→ What to produce: Repeat exactly the line with "Shirley M <I>Page</I> Serafin" and each line after it to the end of the data below; pictures stay out.

→ Listed entries:
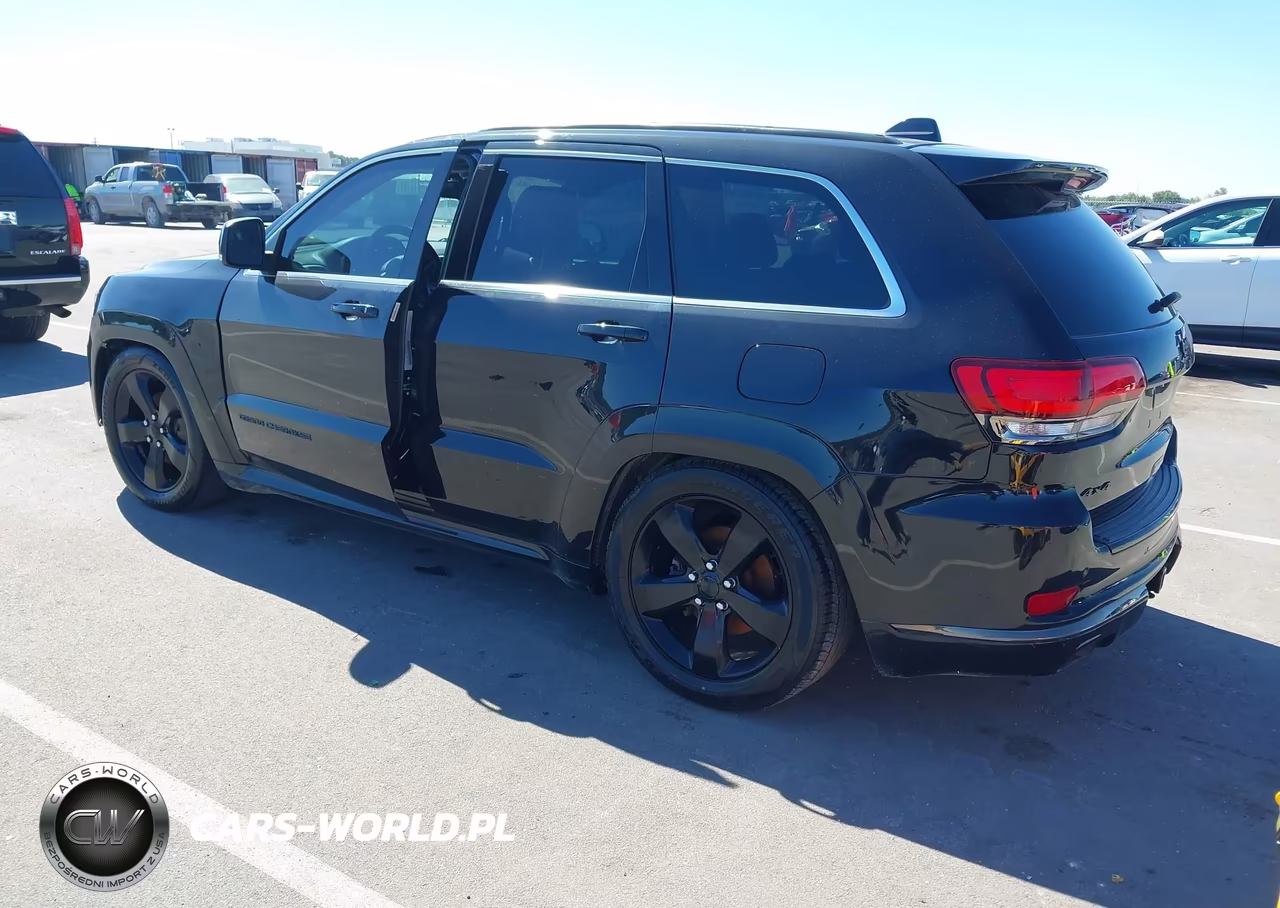 2016 Jeep Grand Cherokee High Altitude VIN:1C4RJFCG0GC388579 - 3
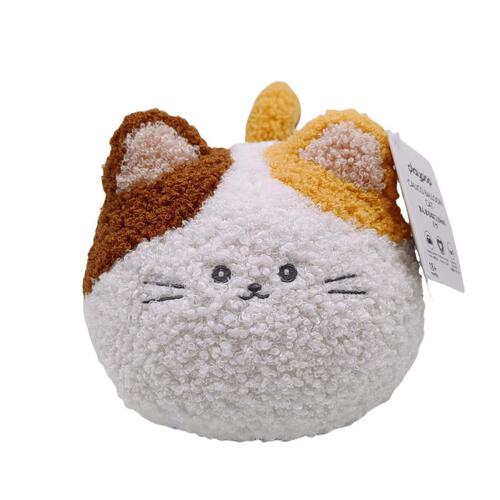 playpop Calico Balloon Cat Plush (15cm)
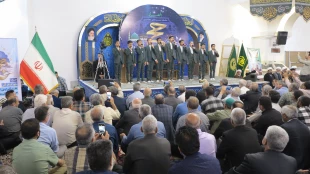 برگزاری اولین جلسه از همایش های اسرار حج زائران مشهد مقدس در حرم رضوی 23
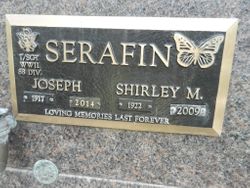 Shirley M <I>Page</I> Serafin 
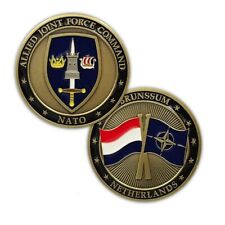 AJFC-NATO  BRUNSSUM  NETHERLANDS ALLIED JOINT FORCE COMMAND 1.75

→ Response box:
 Shirley M <I>Page</I> Serafin 
 AJFC-NATO  BRUNSSUM  NETHERLANDS ALLIED JOINT FORCE COMMAND 1.75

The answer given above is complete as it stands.